### Source records
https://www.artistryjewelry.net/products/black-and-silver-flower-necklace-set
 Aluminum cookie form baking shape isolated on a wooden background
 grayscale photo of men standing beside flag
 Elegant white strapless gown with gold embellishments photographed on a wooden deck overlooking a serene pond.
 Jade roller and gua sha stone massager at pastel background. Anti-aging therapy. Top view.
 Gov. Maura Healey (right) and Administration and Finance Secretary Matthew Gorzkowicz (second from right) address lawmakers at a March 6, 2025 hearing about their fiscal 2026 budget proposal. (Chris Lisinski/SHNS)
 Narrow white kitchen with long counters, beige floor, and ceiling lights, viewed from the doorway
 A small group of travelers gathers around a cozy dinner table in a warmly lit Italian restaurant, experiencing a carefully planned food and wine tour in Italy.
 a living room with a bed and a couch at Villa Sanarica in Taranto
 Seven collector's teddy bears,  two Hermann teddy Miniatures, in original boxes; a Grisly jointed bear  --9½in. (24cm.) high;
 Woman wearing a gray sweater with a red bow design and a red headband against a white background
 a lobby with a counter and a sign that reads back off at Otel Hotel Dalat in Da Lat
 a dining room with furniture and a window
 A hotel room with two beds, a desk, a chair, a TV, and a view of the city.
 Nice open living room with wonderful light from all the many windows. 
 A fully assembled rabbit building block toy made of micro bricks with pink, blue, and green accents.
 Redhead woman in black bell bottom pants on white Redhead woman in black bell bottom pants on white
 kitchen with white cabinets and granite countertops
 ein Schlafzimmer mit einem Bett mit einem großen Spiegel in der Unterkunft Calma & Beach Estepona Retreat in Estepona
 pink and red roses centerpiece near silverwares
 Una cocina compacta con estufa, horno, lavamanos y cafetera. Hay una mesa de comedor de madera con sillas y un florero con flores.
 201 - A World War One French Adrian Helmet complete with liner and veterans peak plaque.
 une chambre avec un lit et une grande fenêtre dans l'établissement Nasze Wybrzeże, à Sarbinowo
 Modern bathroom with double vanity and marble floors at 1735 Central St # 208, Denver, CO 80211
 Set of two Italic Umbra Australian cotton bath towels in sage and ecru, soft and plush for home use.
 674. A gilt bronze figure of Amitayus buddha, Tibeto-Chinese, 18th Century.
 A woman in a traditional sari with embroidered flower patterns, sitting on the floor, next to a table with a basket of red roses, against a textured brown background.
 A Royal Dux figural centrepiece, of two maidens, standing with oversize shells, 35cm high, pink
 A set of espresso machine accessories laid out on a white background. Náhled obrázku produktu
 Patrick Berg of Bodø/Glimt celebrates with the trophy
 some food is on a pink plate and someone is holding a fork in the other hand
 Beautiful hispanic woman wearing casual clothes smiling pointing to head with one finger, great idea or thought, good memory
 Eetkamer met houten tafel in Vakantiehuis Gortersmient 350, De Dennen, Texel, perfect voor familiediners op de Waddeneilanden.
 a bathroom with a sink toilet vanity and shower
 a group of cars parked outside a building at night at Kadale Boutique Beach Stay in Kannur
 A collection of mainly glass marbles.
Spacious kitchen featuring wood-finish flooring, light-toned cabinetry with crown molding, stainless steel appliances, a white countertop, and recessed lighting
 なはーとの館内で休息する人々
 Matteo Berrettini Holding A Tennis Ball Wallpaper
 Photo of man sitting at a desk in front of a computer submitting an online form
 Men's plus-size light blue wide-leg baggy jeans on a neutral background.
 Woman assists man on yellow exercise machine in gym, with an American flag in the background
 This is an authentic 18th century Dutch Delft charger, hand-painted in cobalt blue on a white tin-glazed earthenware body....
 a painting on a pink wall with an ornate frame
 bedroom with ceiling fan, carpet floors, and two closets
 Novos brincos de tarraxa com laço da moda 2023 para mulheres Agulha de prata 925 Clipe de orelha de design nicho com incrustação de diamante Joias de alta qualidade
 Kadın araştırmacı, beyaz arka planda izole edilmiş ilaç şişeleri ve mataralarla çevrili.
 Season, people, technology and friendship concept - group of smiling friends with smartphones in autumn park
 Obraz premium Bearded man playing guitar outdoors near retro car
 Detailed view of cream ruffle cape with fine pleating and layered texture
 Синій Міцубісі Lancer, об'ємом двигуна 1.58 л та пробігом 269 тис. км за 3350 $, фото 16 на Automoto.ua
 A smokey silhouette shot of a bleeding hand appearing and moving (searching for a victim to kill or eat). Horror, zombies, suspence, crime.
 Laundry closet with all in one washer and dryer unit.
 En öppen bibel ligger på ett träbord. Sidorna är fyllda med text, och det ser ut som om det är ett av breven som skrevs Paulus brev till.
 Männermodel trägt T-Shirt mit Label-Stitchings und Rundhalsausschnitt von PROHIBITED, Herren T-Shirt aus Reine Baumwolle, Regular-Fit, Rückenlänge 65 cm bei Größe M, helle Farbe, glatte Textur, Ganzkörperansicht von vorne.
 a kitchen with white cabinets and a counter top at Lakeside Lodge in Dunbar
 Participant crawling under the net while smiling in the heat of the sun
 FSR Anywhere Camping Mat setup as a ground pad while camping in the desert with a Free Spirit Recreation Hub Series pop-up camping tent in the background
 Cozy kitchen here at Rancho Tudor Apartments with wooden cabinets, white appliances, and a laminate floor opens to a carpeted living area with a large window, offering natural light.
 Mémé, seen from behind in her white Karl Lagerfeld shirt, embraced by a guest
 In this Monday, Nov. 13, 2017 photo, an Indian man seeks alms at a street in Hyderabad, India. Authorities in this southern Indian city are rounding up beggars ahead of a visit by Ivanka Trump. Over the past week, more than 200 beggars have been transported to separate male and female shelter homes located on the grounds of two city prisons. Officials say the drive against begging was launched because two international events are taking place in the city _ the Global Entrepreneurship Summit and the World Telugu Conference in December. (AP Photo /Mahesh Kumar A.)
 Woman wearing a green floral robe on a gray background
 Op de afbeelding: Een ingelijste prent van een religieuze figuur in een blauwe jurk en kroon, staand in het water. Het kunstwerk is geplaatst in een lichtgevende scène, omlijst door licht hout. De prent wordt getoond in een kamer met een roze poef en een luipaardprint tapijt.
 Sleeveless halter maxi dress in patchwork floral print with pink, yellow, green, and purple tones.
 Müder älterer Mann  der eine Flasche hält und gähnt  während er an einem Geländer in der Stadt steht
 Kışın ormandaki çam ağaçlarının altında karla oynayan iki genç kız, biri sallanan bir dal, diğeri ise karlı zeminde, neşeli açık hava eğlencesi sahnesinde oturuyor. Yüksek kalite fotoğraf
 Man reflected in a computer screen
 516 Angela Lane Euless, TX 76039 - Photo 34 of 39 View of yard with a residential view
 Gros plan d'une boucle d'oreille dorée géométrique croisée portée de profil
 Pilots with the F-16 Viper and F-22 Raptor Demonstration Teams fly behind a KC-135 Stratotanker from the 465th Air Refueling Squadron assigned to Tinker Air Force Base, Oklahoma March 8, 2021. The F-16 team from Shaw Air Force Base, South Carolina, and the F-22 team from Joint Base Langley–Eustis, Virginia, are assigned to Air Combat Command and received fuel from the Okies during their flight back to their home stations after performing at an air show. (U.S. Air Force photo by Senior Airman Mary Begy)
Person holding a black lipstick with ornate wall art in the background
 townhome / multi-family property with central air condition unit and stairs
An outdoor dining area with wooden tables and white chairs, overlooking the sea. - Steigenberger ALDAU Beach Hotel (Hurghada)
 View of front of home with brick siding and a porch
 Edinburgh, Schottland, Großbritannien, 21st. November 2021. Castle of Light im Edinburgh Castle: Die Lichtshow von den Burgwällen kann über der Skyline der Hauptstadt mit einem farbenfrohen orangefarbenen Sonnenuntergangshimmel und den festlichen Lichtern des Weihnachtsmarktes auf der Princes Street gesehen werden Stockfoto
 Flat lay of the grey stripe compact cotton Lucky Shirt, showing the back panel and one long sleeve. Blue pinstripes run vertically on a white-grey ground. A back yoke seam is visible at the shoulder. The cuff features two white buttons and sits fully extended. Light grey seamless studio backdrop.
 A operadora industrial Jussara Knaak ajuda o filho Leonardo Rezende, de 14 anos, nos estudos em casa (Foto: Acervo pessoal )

### Your objective
Here the job is to transcribe the lines from the first line of the data through the line containing "Narrow white kitchen", inclusive, exactly and with nothing else.

### Solution
https://www.artistryjewelry.net/products/black-and-silver-flower-necklace-set
 Aluminum cookie form baking shape isolated on a wooden background
 grayscale photo of men standing beside flag
 Elegant white strapless gown with gold embellishments photographed on a wooden deck overlooking a serene pond.
 Jade roller and gua sha stone massager at pastel background. Anti-aging therapy. Top view.
 Gov. Maura Healey (right) and Administration and Finance Secretary Matthew Gorzkowicz (second from right) address lawmakers at a March 6, 2025 hearing about their fiscal 2026 budget proposal. (Chris Lisinski/SHNS)
 Narrow white kitchen with long counters, beige floor, and ceiling lights, viewed from the doorway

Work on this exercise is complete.